Below is a step-by-step series of examples that tell you how to get a development environment running.

Create an instance of Windows Server 2012 R2. Install the necessary software and associated packages/libraries detailed earlier in the “Pre-requisite Section.” Make sure to change file directories and names to match your working environment in the Python and R Code.

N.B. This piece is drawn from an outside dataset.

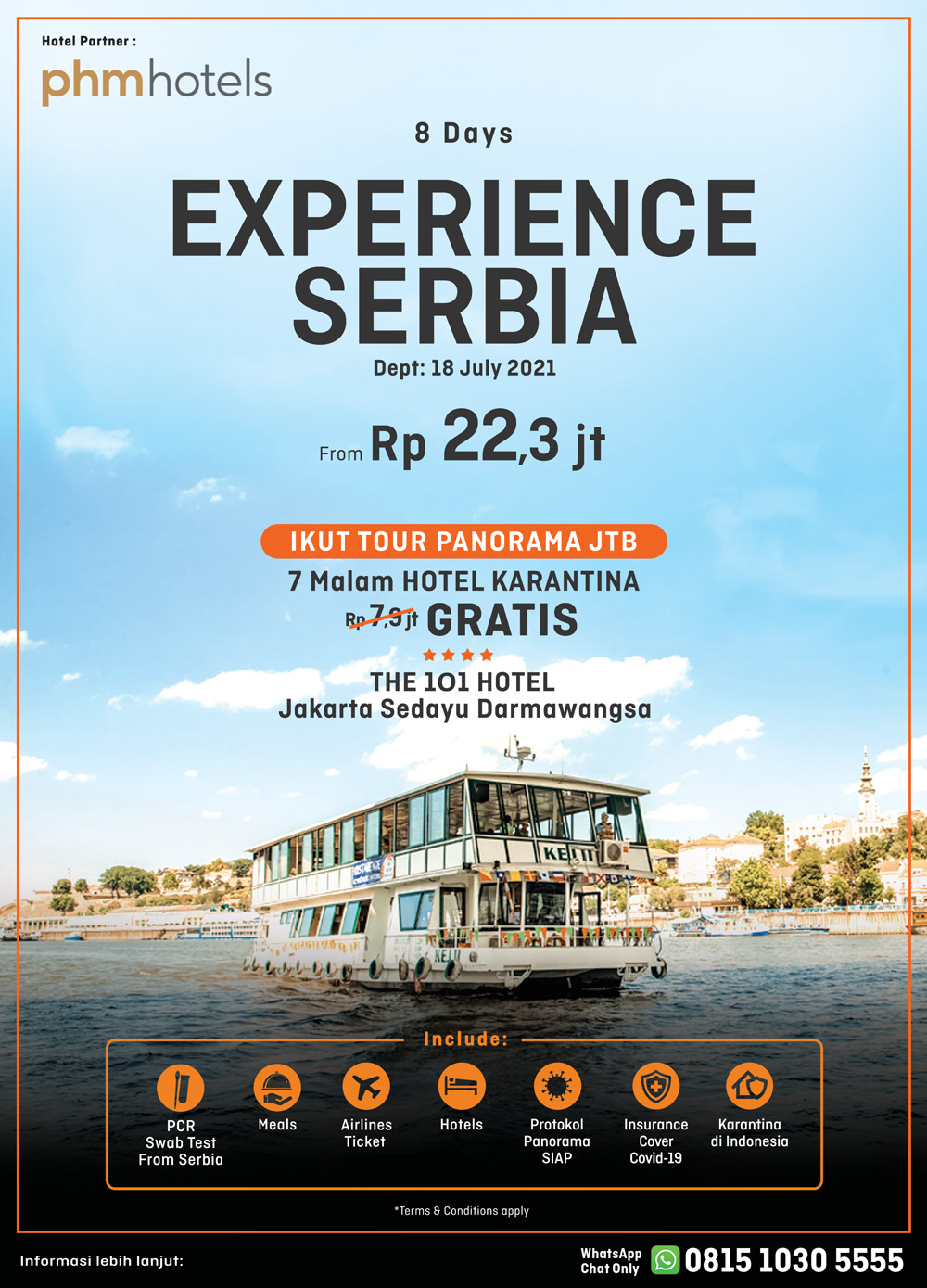 Experience Serbia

IMPORTANT: You will have to change pathnames in the files to match your operating system.

Create a Folder called “Production”

  • Place the DayBehindFix.pyw in it. This file controls the two scripts listed below. Use Windows Task Scheduler to run this script.
  • Place the OverdosePython.pyw Python script in the Production folder
  • We’ve included a second one OverdosePython_DayBehind that allows for catch-up geoprocessing if a day’s data is missed

Create a Folder called “Daily Narcan Data”

  • This is where downloaded EMS data will go

OPTIONAL: Create a Folder called Locator

  • Place your Address Locator here for geocoding

Create a Folder called “Logs”

  • Python logs will appear here and show what part in the process completed

Create a folder called “satscan_wd”

  • This is what R will use to temporarily run SaTScan each day.

Create a folder called “Workspace”

  • Place the run_reports.R (for Windows Task Scheduler), outreach_report.RMD, epi_report.RMD, run_report_bad_batch.R (For Windows Task Scheduler), and bad_batch.RMD in this folder.

Create subfolders called:

Bad Batch: Stores PDFs that were used to notify a public messaging service Outreach: Stores Outreach PDF Reports created each day, intended for the outreach team (no point locations) Epidemiology: Stores Epidemiology PDF Reports created eatch day. Epidemiology reports contain all the data that the Outreach reports contain, but additionally include point locations of the overdoses, demographic statistics for each cluster, and a summary graduated circles plot of cases over the previous 30 days.

Reference Data

  • Add Baltimore_Census_Tracts_Project.shp
  • Add Baltimore_coordinates.feet.csv
  • Add Vital_Signs_16_Census_Demographics.shp
  • Add Bad_Batch_Regions_Revised.shp

Create a Folder called “Historical”

  • Place the Historical_Clusters.csv file in it. Can be used in R, ArcGIS, QGIS, etc.
  • There is a also a historical_clusters.R file for running analysis

The R Task Scheduler Setup.R can help you setup the R scripts in Windows Task Scheduler.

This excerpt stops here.